> [The task]: In the entries below, find the line with "1136 Ginger Circle Weston FL 33326" and the line with "尼克斯主帅迈克·布朗的采访简". Return those two lines and all lines between them, exactly.

> [Data to examine]:
============

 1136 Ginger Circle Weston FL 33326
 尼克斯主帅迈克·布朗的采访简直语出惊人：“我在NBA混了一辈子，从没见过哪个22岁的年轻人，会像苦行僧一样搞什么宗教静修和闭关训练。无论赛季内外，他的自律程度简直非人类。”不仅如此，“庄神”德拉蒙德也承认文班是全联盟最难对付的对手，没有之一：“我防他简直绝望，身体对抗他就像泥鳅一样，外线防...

============

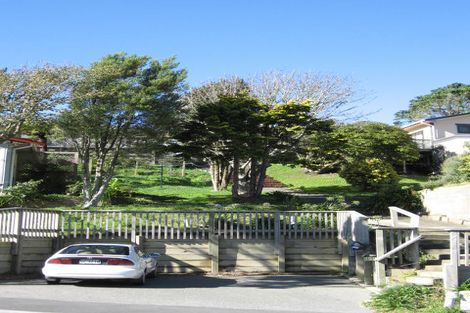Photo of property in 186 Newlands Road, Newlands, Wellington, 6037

============

> [Result]:
 1136 Ginger Circle Weston FL 33326
 尼克斯主帅迈克·布朗的采访简直语出惊人：“我在NBA混了一辈子，从没见过哪个22岁的年轻人，会像苦行僧一样搞什么宗教静修和闭关训练。无论赛季内外，他的自律程度简直非人类。”不仅如此，“庄神”德拉蒙德也承认文班是全联盟最难对付的对手，没有之一：“我防他简直绝望，身体对抗他就像泥鳅一样，外线防...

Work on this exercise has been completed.